THE STATE OF THE OSSIANIC CONTROVERSY.
[Concluded.]
In prosecuting the geological and geographical confirmation of Ossian on which we have lately been engaged, the most convincing proofs and the greatest difficulties alike are to be found in the Frith of Clyde. The levels of the water in that frith penetrating far inland, by Paisley, Rutherglen, and Kilsyth, assumed unconsciously as matter of fact in the text of Ossian, are in such obvious harmony with every word of the poems which relate to that region, that the poems in question cannot otherwise be understood; and we therefore cannot help believing not only that the poems themselves are genuine, but that they represent a geological phenomenon hitherto unsuspected in the world—are, in fact, a revelation in science. On the other hand, the levels thus assumed are so very far beyond anything admitted by geologists within the era assigned, as to seem not only extravagant but incredible; and if they cannot be maintained, their assumption as a fact will destroy the credibility of the poems in which the assumption is made. As regards the authenticity of these poems, however, the assumption itself is conclusive; for the translator did not see it, and could therefore never have fabricated the poems in which it appears. Such poems must have been written by some eye-witness of the fact, who did not require to exaggerate; and the only question as regards reliability now to be settled, is whether he did exaggerate or no? Was the Clyde a sea to Rutherglen, as he seems to affirm? Was the Kelvin a fiord to Kilsyth, or nearly so, as he implies? Was the Leven an estuary to Loch Lomond, as we are bound to conclude? Was the Black Cart a marine canal to Ardrossan in the days of Agricola? If so, the Clyde must have been from 60 to 80 feet above its present level at the date supposed—and then, where was the Roman Wall? Traces of that wall upon the Clyde at a much lower level, it is said, still exist; and the old fortifications between Dunglass and Kilpatrick only 50 feet or thereby above the present level, put an end to the reliability, if not to the authenticity of Ossian. This is the difficulty now to be disposed of; and of which, in passing, we need only say, that if Macpherson had seen it he would certainly have avoided it; and therefore, that whoever was the author of the poems in which it occurs, Macpherson was not.

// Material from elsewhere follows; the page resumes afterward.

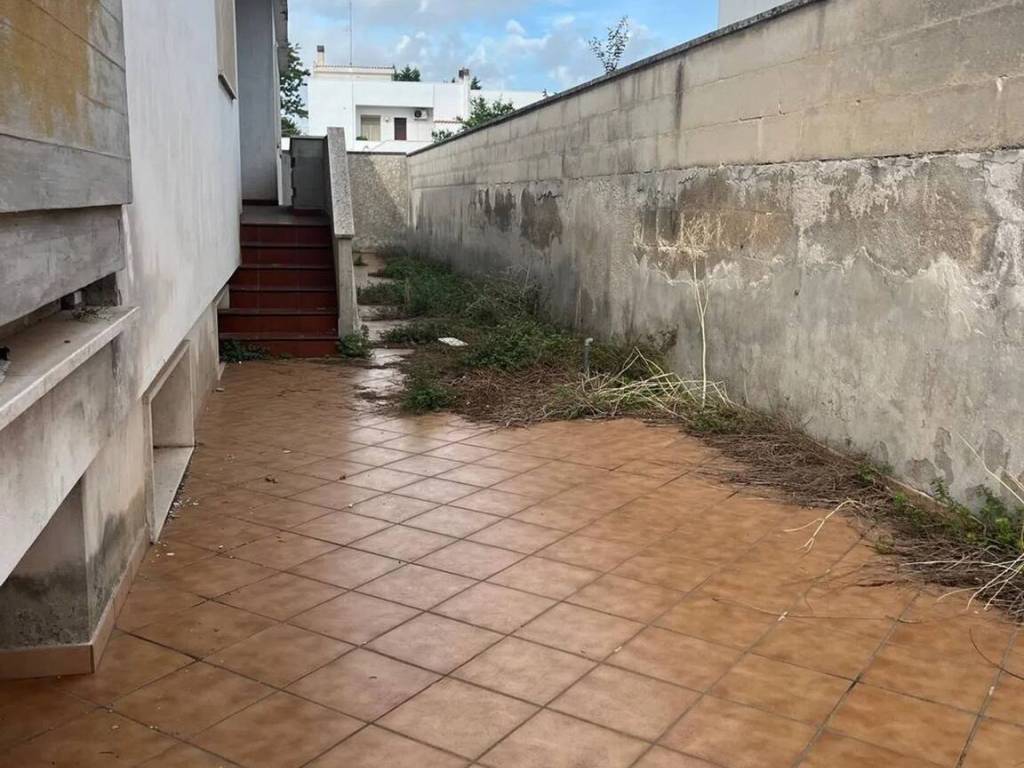 Villa a Soleto in Via Ciro Menotti, 17 - Foto 5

But it is with the difficulty itself we are now concerned, and not with the authorship. I. First then, suppose any statement, direct or indirect, had occurred in any Greek or Roman writer of the time—Cæsar, Tacitus, Dion Cassius, or Ptolemy—affirming, or even implying, such a level in the Clyde at the date in question, notwithstanding the Roman Wall, would the testimony of such authors have been rejected? If not, how would our geologists have disposed of it? or how would they have reconciled it with existing matters of fact? One can imagine the jealousy with which such texts would have been criticised; the assiduity with which every crevice on the coast would have been surveyed, not to contradict but to confirm them; and the fertility of invention with which theories would have been multiplied to harmonise them. Strange as it may appear, however, facts and statements amounting very nearly to this do occur, and have hitherto been overlooked, or purposely omitted in silence. The Roman Wall, for example, stops short with a town at Balmulzie on one side of the Kelvin, and begins again with another town at Simmerton, nearly a mile distant, on the opposite side of the Kelvin; but why should such a gap be there, if the Kelvin, which flows between, had not been something like a fiord at the moment? Again, it is distinctly affirmed by Herodian that the marshes of Clydesdale south of the Wall were constantly—end of the third, or beginning of the fourth century—emitting vapours which obscured the sky. But how could this be the case, if volcanic heat had not already been operating underneath, and the waters of the frith were then beginning to subside from their original higher levels?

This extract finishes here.